Dion Smith-Dokkie: …everything was so infinite as according to my heart and truest wish

Jan 17 – Feb 28, 2026
Opening Reception Jan 17, 2026, 4–7pm

Ceremonial/Art is thrilled to present a solo exhibition of recent works by West Moberly First Nations artist Dion Smith-Dokkie. Born in the Peace River region of Northern BC Smith-Dokkie is now based in Grande Prairie Alberta where they continue to develop their interdisciplinary practice. …everything was so infinite, as ac- cording to my heart and truest wish brings together two series of works by the artist that focus on the fractal abstraction of land and bodily representation.


Artist Statement:

In summer 2025, I took part in a month-long artist residency in Demmitt, AB, run by Peter von Tiesenhausen and Maggie Tiesenhausen called CommonOpulence. Our group spent one month living outdoors and coming to terms with the legacy of utopian intentional communities of the 60s and 70s, ‘frontier placemaking’ and place-enforced contingency; to commune under the auspices of a common and locale under examination. It was deeply healing. These works were first presented at the Art Gallery of Grande Prairie in the group exhibition, wishcraft.

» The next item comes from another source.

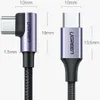 Ugreen Usb-C à Usb-C, câble angulaire Us255 Qc 3.0 Pd 3A Voir les images du produit 23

These works use paint I made: rice paste and a bespoke beeswax emulsion, along with watercolour, gouache and pigment. I wanted to draw out a new visual language from material and place. I undertook this research-creation in response to a question posed by a kind curator at a studio visit, where I was asked to question the primacy and ubiquity of plastic (acrylic) in my other works, to think through how to mitigate its impacts. I brought a Fresnel lens with me and would record the aspen parkland, the path to the swimming hole; the garden and clover; the sky and passing clouds.

These works mark a departure and critical re-evaluation of my past painting practice. Radically simplified forms respond to the pre-given shapes and divisions in the support surface, divisions that resemble the parcelling out of those northern prairies and parkland and the works oscillate between aerial and horizon-directed gazes. A brushy facture deploys distortions from the fresnel lens. Meanwhile, the judicious, sparse application of materials create a space for a more economical, ponderous hand, more implicated than ever in creating the materials it uses, whose limited palette tends towards soft dawn in contrast to smoky, atmospheric-blue support surfaces.

The chamois suede I encountered early on in the residency became my lodestar: stern divisions of the picture plane matter less when perforated by minimum escape capsules: panels of sky, cloud, and aquatic moments that turn each parcel into a window, a partialness that denotes its corresponding vista (a reflection shared by artist Rebecca Bair in a studio visit). . As a support, the patchwork resonates because I arrived to it in media res, to the grids, sections, divisions, finding a way through.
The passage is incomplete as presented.